Fig 4: Coconut Husk produced from Coconut shell.

Wheat bran
Wheat bran is a by-product of wheat obtained from the shell of flour mill (Fig 5) and is used for the removal of heavy metals (Kaya et al., 2014). The functional groups such as methoxy, phenolic hydroxyl and carbonyl will help to bind heavy metals and have demonstrated the removal of chromium using wheat bran with a maximum adsorption capacity of 93 mg/g and a maximum removal of 89% (Ravat et al., 2000).

Fig 5: Wheat bran is obtained from whole wheat.

Coffee residue
Coffee grounds act as an adsorbent to take cadmium out of industrial wastewater. Clay was combined with agricultural waste, such as coffee grounds for heavy metal removal. This creates an efficient adsorbent with a negative charge that encourages cadmium complexation and its removal (Boonamnuayvitaya et al., 2004). Azouaou et al., (2010) stated that that cafeteria garbage is utilized as a bioadsorbent for the removal of cadmium, with a reported adsorption capacity of 15.65 mg/g, 80% of cadmium was found to be removal at a pH of 7. Fig 6 showsthe elimination of cadmium metal from industrial wastewater (Arao et al., 2010).

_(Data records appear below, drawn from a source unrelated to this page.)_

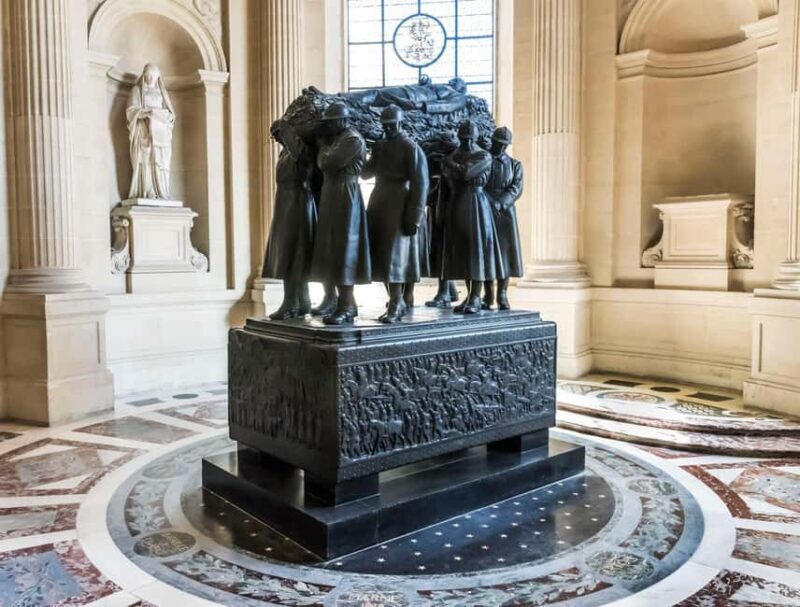 Paris: Napoleon's Tomb Entry Ticket and Tour - Napoleon’s Tomb Tour in Paris: A Deep Dive into History and Majesty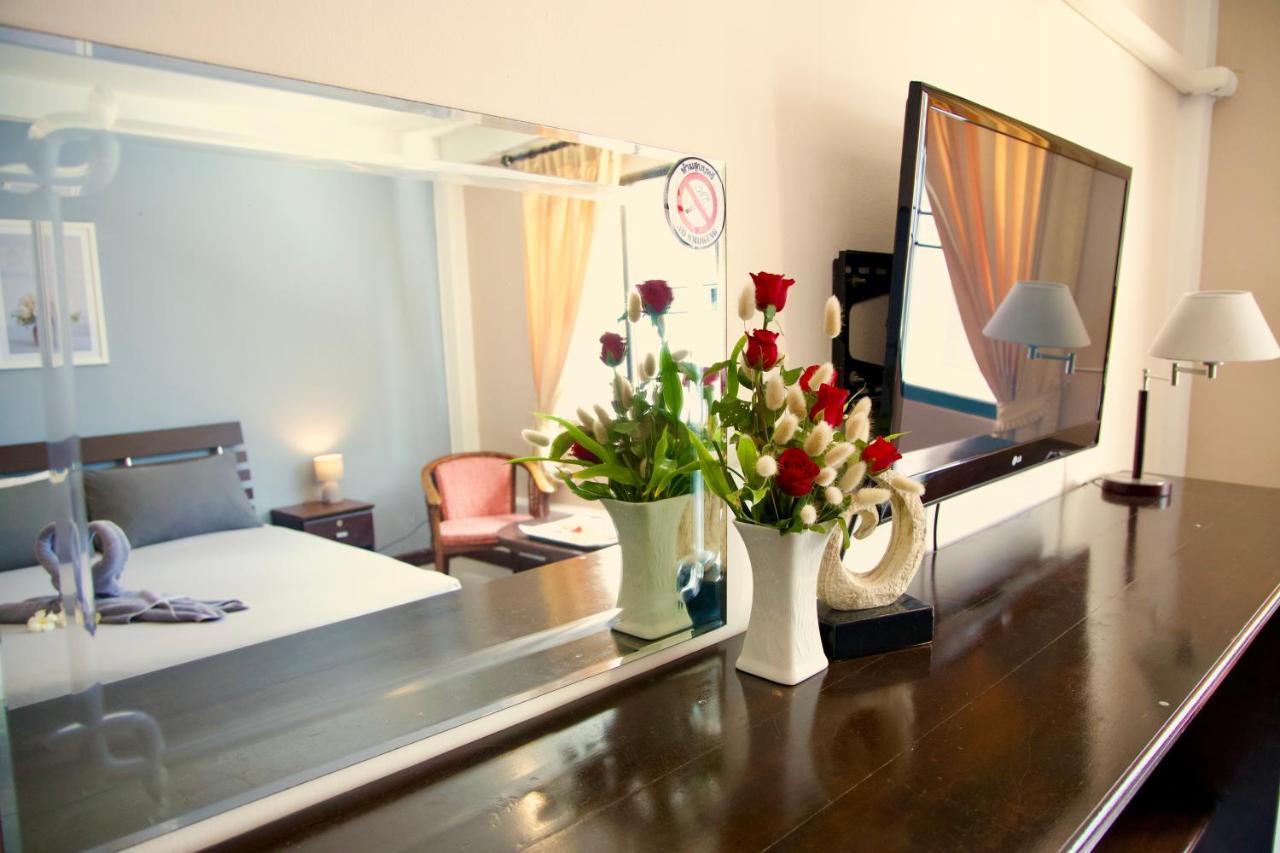 Golden Guesthouse By The Beach Cha Am 차암 외부 사진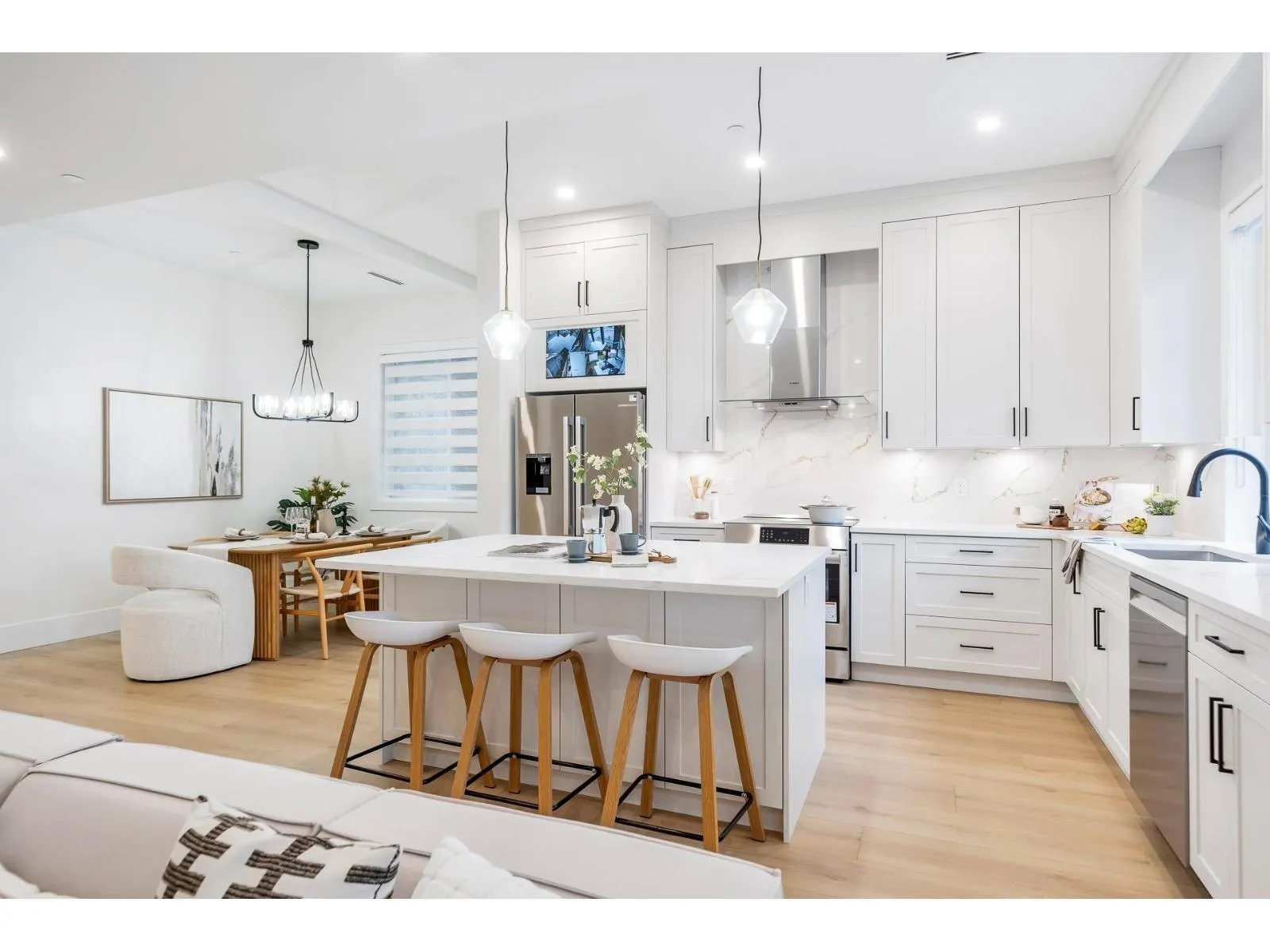 15570 Oxenham Avenue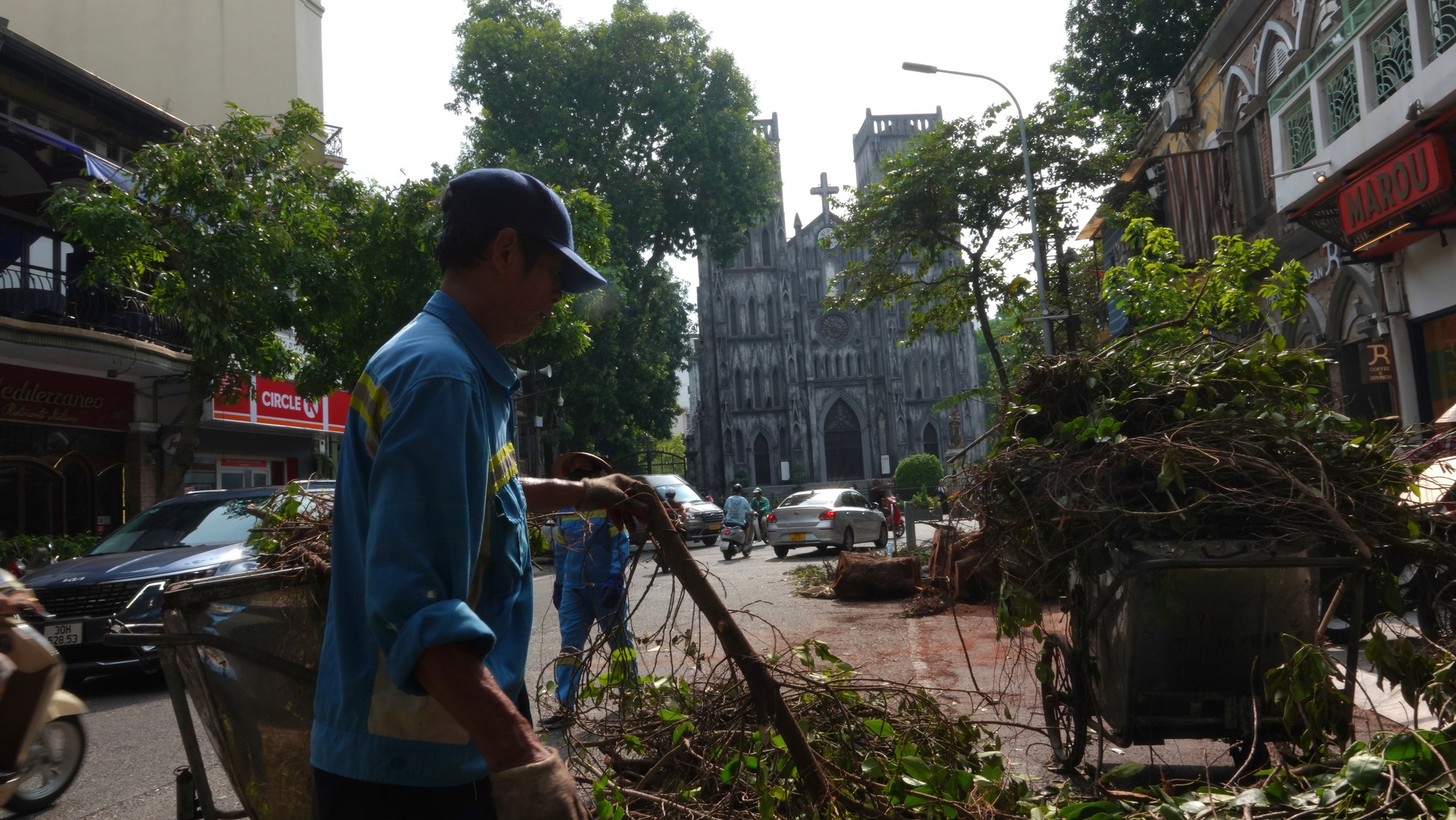 Hà Nội căng mình dọn dẹp cây xanh gãy đổ, nhanh chóng trả lại thành phố "xinh đẹp" sau bão số 3- Ảnh 15.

Fig 6: Cadmium removal from agro waste.

Modified saw dust
Sawdust is a solid waste that is generated in significant amount at sawmills (Fig 7). Saw Dusts are used as an adsorbent material for the removal of heavy metals from wastewater (Shukla et al., 2002). Saw dust of oak blended with hydrochloric acid is used for elimination of chromium from industrial effluents (Argun et al., 2007). Pine sawdust as a modified form was used for removal of chromium at an optimum pH of 2 Politi and (Sidiras et al., 2012).

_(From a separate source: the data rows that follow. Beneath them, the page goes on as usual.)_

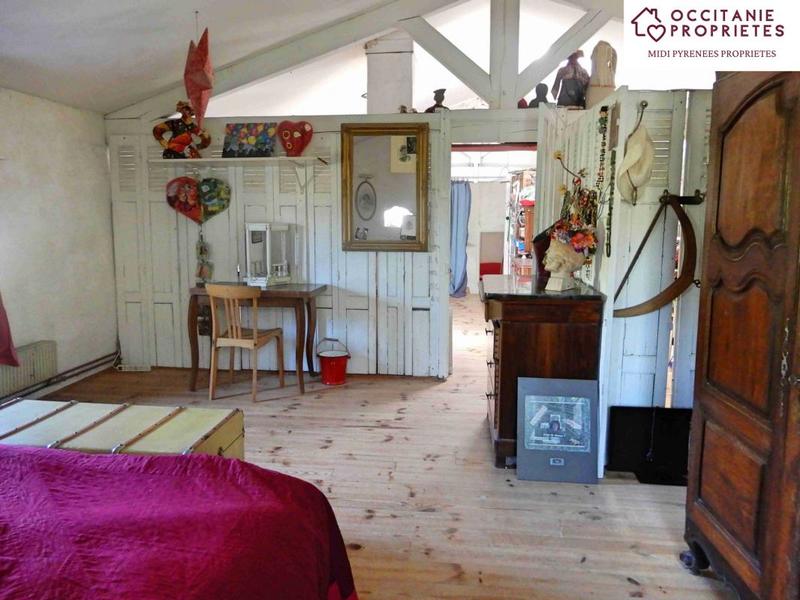 Moulin - 400 m² - 12 pièces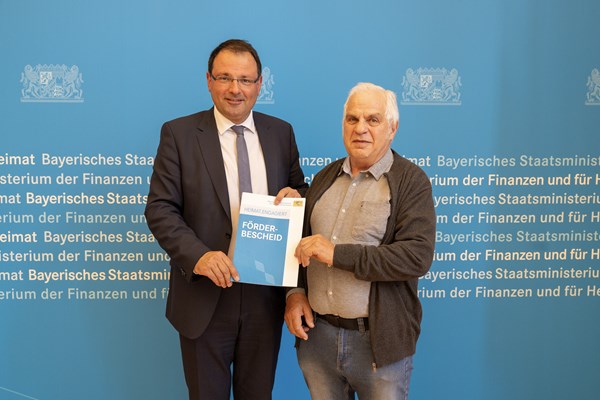 Heimatstaatssekretär Martin Schöffel übergibt Förderbescheide des neues Pilotförderprogramms ‚Heimat. Engagiert‘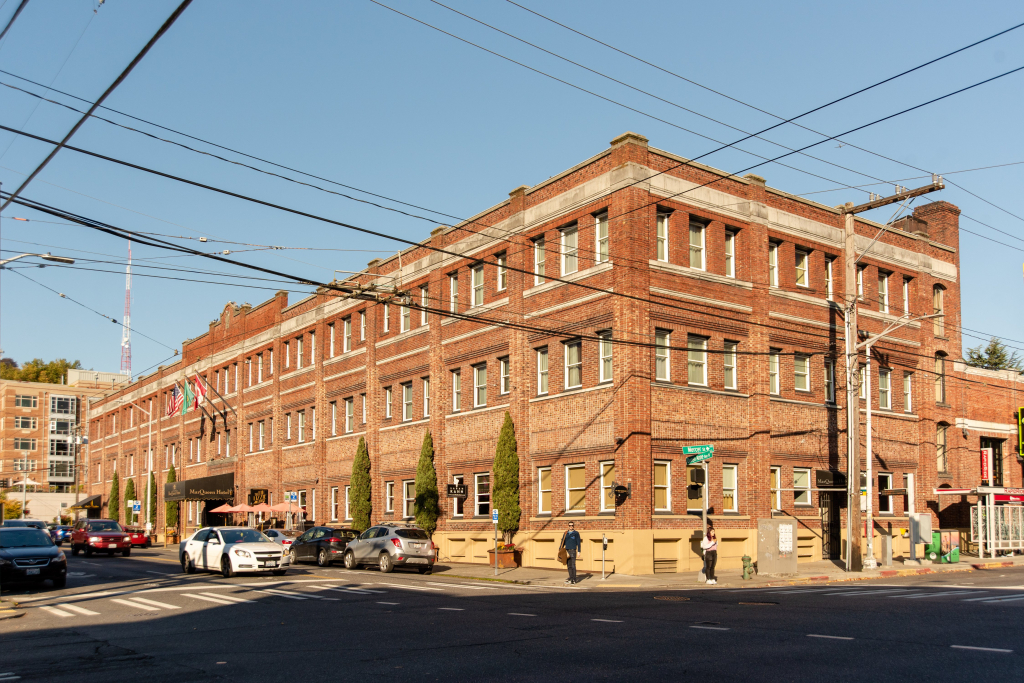 MarQueen Hotel - NEWLY RENOVATED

Fig 7: Saw dust is a by-product of wood log.

The disposal of millions of tons of agricultural biomasses as waste each year presents a significant environmental challenge. However, these biomass materials hold great potential as valuable resources, particularly in the realm of energy production and heavy metal remediation. Through various conventional methods such as adsorption, ion exchange resins, chemical precipitation, coagulation, solvent extraction and membrane filtration, researchers have explored the use of bio-adsorbents derived from agricultural waste to effectively remove toxic heavy metals from wastewater. Adsorption, a process heavily influenced by factors such as surface chemistry, pH, charge distribution and metal ion concentration, plays a crucial role in the efficiency of heavy metal removal by bio-adsorbents. Ion exchange and complexation are the major mechanisms involved in the uptake of metals by these materials. Common agricultural waste bio-adsorbents include rice husk, coconut husk, sugarcane bagasse, wheat bran and coffee residue. These materials possess high adsorption capacities, are readily available in large quantities and exhibit mono to multilayer adsorption behavior, making them attractive alternatives to conventional adsorbents. Numerous studies have demonstrated the efficacy of agricultural waste bio-adsorbents in removing heavy metals such as chromium, cadmium, copper and lead from wastewater. Optimal pH ranges for efficient removal have been identified, with pH 1-2 suitable for chromium, pH 4-7 for cadmium and pH 4.5-6 for copper. Furthermore, bio-adsorbents offer advantages such as their low cost, abundant availability, minimal sludge generation, technical feasibility and strong affinity for heavy metals, making them well-suited for engineering applications. Additionally, the use of membranes, particularly in reverse osmosis processes, has gained prominence in wastewater treatment. Reverse osmosis involves the movement of solvent from an area of low solute concentration to an area of high solute concentration through a dense barrier layer in the membrane. Membrane filtration can be employed alongside bio-adsorption methods to enhance the overall efficiency of heavy metal removal.